▶ _What is required_:
Once the line containing "Bright studio 5" is found in the records below, return it and each following line exactly, up to and including the line containing "1070 50th St #12A, West Des Moines, IA 50266", and nothing else.

--- START ---

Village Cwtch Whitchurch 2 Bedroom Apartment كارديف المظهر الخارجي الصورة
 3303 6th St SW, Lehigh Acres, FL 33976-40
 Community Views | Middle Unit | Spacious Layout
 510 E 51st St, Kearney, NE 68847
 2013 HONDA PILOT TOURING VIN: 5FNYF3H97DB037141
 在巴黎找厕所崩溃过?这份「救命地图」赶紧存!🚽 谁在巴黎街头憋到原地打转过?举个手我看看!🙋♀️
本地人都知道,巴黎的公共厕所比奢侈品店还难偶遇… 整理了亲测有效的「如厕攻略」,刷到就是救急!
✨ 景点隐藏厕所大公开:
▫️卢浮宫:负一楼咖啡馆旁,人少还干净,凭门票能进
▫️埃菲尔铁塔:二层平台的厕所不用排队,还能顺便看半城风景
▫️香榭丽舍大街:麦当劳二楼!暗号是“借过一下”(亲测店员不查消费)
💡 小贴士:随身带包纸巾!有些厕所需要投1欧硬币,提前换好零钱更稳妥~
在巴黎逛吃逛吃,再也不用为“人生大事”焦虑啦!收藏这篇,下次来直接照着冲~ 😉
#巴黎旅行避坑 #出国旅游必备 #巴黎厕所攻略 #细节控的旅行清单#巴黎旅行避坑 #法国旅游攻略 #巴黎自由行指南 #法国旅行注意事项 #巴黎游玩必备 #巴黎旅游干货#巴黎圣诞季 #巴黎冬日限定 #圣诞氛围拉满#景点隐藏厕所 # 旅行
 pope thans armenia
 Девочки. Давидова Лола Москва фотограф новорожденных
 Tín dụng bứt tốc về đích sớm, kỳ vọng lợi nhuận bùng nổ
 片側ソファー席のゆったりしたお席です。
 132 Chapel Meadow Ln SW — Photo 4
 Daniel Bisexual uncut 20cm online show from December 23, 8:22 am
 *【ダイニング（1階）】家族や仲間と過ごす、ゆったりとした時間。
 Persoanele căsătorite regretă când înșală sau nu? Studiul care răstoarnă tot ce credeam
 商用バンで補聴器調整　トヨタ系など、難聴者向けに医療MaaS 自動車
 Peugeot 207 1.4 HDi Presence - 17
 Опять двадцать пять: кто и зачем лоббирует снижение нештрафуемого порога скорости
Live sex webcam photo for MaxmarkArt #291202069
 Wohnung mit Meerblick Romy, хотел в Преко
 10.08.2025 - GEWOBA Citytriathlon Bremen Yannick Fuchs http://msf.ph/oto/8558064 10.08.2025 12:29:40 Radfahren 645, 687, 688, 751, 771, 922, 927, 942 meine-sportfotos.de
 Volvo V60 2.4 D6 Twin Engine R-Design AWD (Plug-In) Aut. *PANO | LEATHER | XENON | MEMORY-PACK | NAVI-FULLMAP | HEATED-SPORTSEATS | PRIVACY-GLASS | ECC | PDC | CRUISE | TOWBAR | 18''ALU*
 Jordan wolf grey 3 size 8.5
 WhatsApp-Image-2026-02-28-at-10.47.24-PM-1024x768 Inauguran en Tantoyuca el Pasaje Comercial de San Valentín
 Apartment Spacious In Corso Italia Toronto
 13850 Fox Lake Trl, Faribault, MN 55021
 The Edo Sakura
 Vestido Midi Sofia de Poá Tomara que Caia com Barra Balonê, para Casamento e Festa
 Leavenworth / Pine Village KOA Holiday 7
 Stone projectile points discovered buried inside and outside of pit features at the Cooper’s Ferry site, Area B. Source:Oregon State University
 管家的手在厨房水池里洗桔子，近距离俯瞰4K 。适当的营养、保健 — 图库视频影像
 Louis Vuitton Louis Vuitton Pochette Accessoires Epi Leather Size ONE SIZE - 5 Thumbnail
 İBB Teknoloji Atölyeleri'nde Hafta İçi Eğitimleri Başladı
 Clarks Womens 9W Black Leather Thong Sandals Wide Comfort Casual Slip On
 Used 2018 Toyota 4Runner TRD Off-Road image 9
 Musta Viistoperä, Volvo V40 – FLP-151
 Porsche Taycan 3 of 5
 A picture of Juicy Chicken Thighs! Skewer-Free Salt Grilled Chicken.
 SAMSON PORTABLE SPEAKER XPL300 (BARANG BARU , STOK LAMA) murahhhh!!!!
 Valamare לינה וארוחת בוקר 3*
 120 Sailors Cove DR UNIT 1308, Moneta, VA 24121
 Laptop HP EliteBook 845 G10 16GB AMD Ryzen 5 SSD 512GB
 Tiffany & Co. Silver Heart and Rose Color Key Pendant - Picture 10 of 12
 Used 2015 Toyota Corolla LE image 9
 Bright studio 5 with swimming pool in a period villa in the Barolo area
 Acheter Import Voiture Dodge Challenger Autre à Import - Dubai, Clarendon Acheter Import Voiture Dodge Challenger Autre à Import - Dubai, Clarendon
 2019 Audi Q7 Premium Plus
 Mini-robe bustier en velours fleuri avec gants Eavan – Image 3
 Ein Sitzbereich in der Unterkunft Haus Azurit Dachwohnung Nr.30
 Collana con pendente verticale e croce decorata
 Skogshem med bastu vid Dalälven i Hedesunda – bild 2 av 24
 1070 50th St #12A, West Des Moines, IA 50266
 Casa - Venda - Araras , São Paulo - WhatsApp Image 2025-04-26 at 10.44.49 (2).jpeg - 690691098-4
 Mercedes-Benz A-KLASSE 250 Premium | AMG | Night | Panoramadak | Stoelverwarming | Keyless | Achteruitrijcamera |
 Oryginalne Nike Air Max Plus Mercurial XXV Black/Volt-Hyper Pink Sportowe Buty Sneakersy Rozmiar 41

--- END ---

▶ _Reply to the task_:
 Bright studio 5 with swimming pool in a period villa in the Barolo area
 Acheter Import Voiture Dodge Challenger Autre à Import - Dubai, Clarendon Acheter Import Voiture Dodge Challenger Autre à Import - Dubai, Clarendon
 2019 Audi Q7 Premium Plus
 Mini-robe bustier en velours fleuri avec gants Eavan – Image 3
 Ein Sitzbereich in der Unterkunft Haus Azurit Dachwohnung Nr.30
 Collana con pendente verticale e croce decorata
 Skogshem med bastu vid Dalälven i Hedesunda – bild 2 av 24
 1070 50th St #12A, West Des Moines, IA 50266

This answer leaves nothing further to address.